Bought my first tape while in elementary school - Metallica's And Justice For All

First CD was the Black Album.


----------



## Wy2quiet

First album I bought with my own money was the entire Jimmy Eat World Discography. I think I have bought maybe 3 CD's since then.


----------



## Oliver

"Meet The Beatles", 
Babies in Black and I'm Feeelin Blue

I'm A Loser


----------



## Oliver

PPI-ART COLLECTOR said:


> 1st lp record-The Archies, Greatest Hits Sugar Sugar
> 1st 45 record-Pilot, Oh Ho Ho It's Magic
> 
> 
> 
> Bret
> PPI-ART COLLECTOR


What color was your Tu-Tu ?


----------



## CENTRAL

First LP: AC/DC Highway to Hell

First CD: Hooked on Classics


----------



## eddie298

:'( my first music item bought was a cd -.-an Eminem cd to be exact.


----------



## ou812

1st Lp- Kiss alive 

1st Cd - Kiss Animalize

1st cassette - can't remember

1st 45 - never bought them


----------



## tijuana_no

I grew up with a full library of music all my fam . were / are musicians .
But stuff I bought with my own money
1st. 45 Earth Wind and Fire around 1974 @ stop n go in the corner of Buffalo and 
Bissonnett in Houston
1st.

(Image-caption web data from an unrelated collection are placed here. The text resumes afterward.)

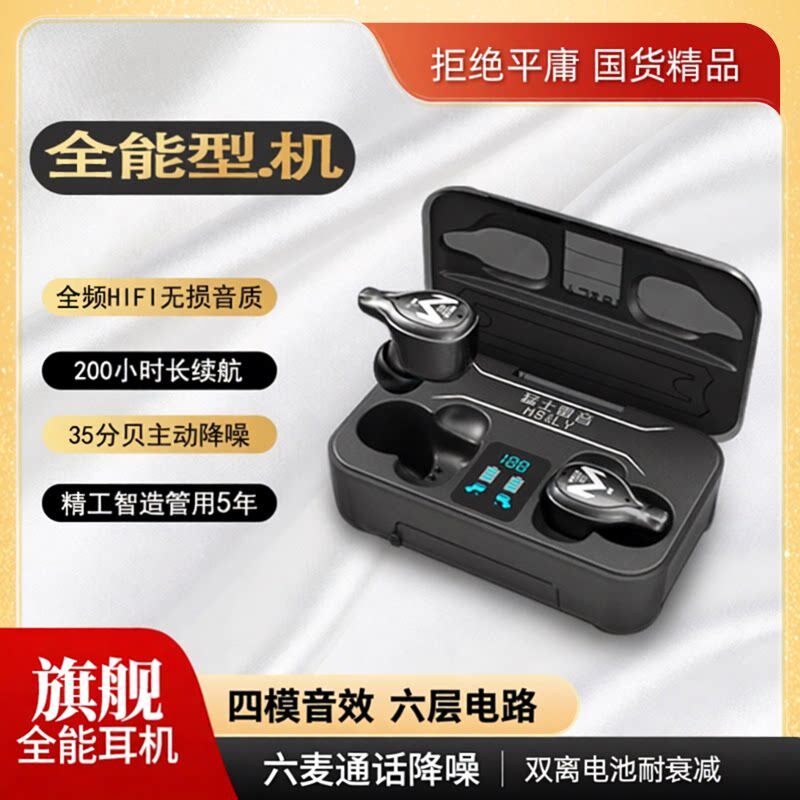猛士雷音耳机蓝牙入耳续航长大电量隔音降噪无线超重低音运动防水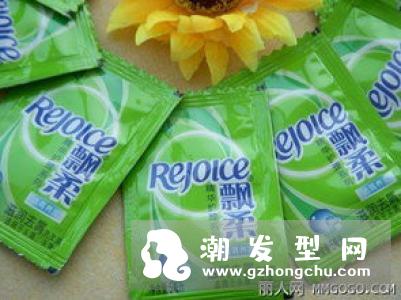 pola洗发水怎么样 多少钱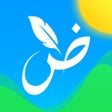 Icon of program: الكتابة على الصور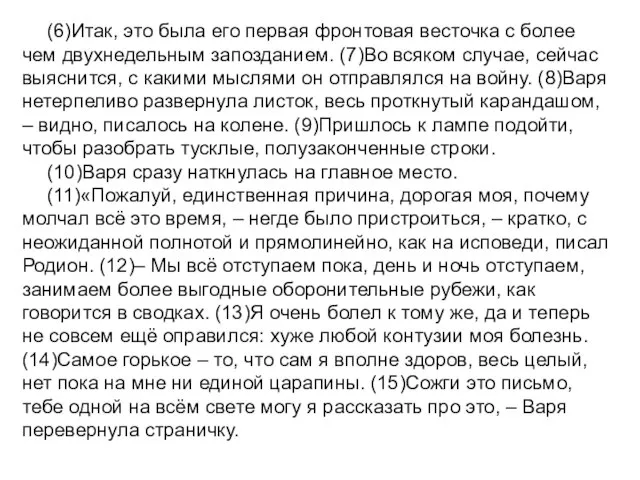 (6)Итак, это была его первая фронтовая весточка с более чем двухнедельным запозданием.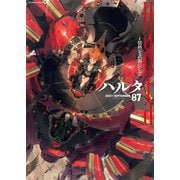 ハルタ 2021-SEPTEMBER volume 87（KADOKAWA） [電子書籍]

LP Pink Floyd Animals when 1st day came out @ Globe Store
1st. cassette Led Zeppelin iv in a pawn shop
1st 8 track Pat Benatar 
1st CD Pat Benatar 
1st dvd Rage Against the Machine 
damn I am old , but I still remember a few things .lol


----------



## Lou

ted nugent double live gonzo when i was 12,than i got into the bad brains and black flag,


----------



## myhikingboots

I doubt I' remebering this correctly but here goes:

1st 45 Chic, "Le Freak"
1st LP Kiss, "Kiss Alive II"
1st Cassette Foreigner, "IV"
1st CD Dire Straits, "Brothers in Arms"


----------



## mosconiac

1st LP - Little River Band--my oldest brother made me buy it from him, he said I scratched it but it played perfectly (late-70's)
1st 45 - Pink Floyd, Another Brick in the Wall, Part II (1979-1980)
1st Cassette - Scorpions, Love at First Sting (1984)
2nd Cassette - Pink Floyd, the Wall (1984)
1st Concert - RATT/Mama's Boys (1985)
1st CD - Pink Floyd, the Wall (1990)


----------



## rawdawg

First CD - Guitar Festival by Los Romeros


----------



## BumpaD_Z28

1st cassette The Cars: Greatest hits
1st CD Arcade: messed up world


----------



## Darth SQ

BumpaD_Z28 said:


> 1st cassette The Cars: Greatest hits
> *1st CD Arcade: messed up world*


Ahhhh, the missing Ratt album.
It was self titled though and Messed Up World was a track on it.


Bret
PPI-ART COLLECTOR


----------



## SUX 2BU

Born in 1975 so LP's were pretty much on their way out, with cassettes being the mainstream and CD's being the new hot thing in the mid-80s.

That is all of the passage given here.